Say, we have 4 red balls, 4 blue balls, 4 green balls, 4 yellow balls. How many ways are there to form a sequence of 10 balls such that every color of ball occurs at least twice?
My thought: r = red b = blue g = green y = yellow * = undetermined
Every arrangments should in this form: rrbbggyy**
Case 1: two * are same
$\frac{\binom{4}{2}\binom{4}{2}\binom{4}{2}\binom{4}{2}\binom{4}{1}10!}{4!2!2!2!}$
Case 2: two * are different
$\frac{\binom{4}{2}\binom{4}{2}\binom{4}{2}\binom{4}{2}\binom{4}{2}10!}{3!3!2!2!}$
Result = Case 1 + Case 2
Any suggestions would be appreciated!
It's two cases.
First.

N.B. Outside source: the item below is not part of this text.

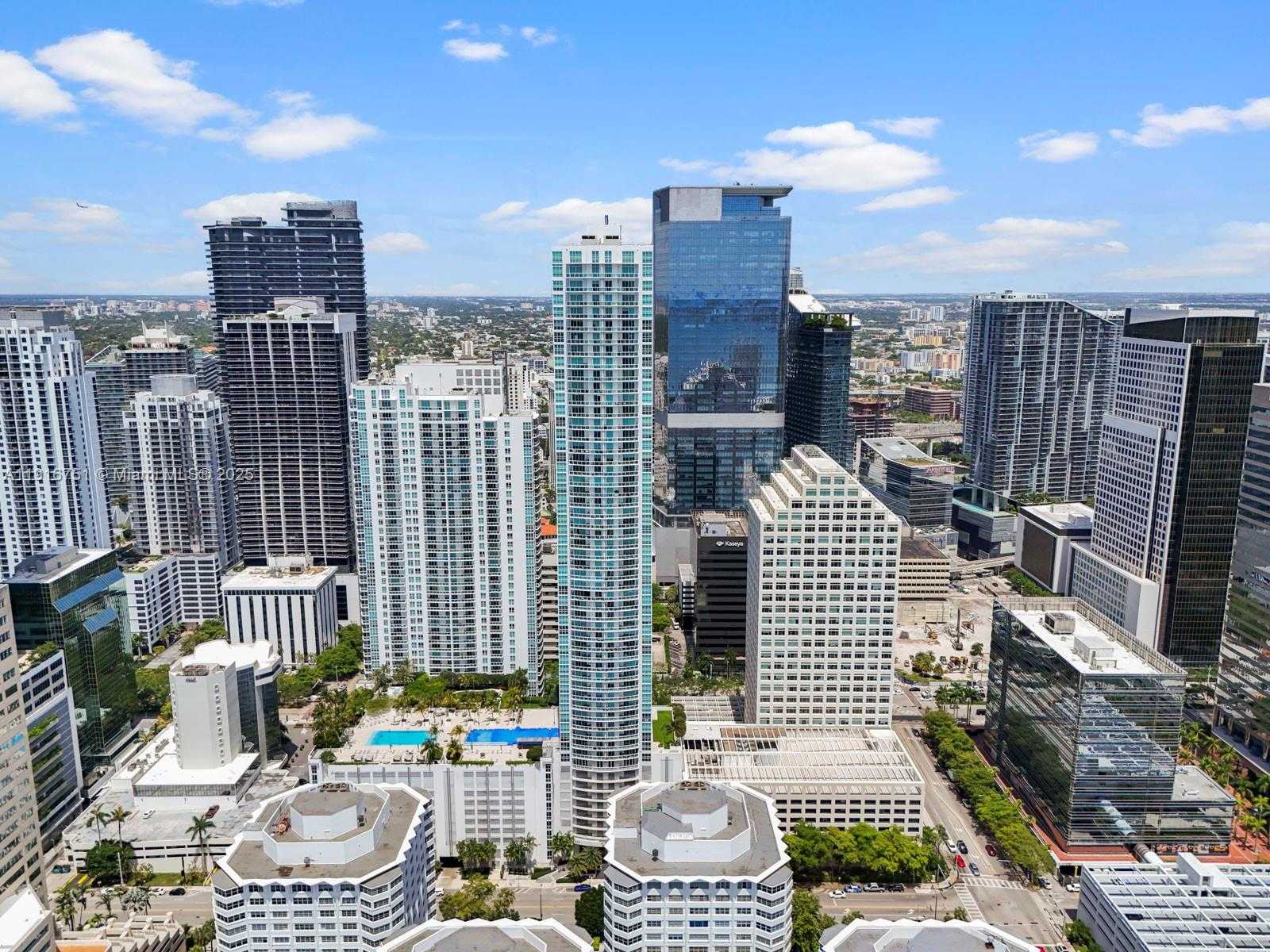 Small Image of 950 BRICKELL BAY DR #1103, Miami Number 17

We have one quadruplet of 4 balls of the same color. There are 4 variations here to form quadruplets. The rest 6 balls will automatically form 3 doublets (to satisfy the conditions of the problem). The overall number of placing them into a sequence is permutations with repetition: $$\frac{10!}{4!\,2!\,2!\,2!}$$ But we have to multiply it by 4 because we have 4 variations. So it is $$4\cdot\frac{10!}{4!\,2!\,2!\,2!}$$
Second case. We have two triplets and two doublets. How many variations in terms of triplets and doublets? The answer is four choose two -- that is combinations. The rest is the same as above: $${4\choose2}\cdot\frac{10!}{3!\,3!\,2!\,2!}$$
And finally the overall number of possible strings of balls: $$4\cdot\frac{10!}{4!\,2!\,2!\,2!}+{4\choose2}\cdot\frac{10!}{3!\,3!\,2!\,2!}$$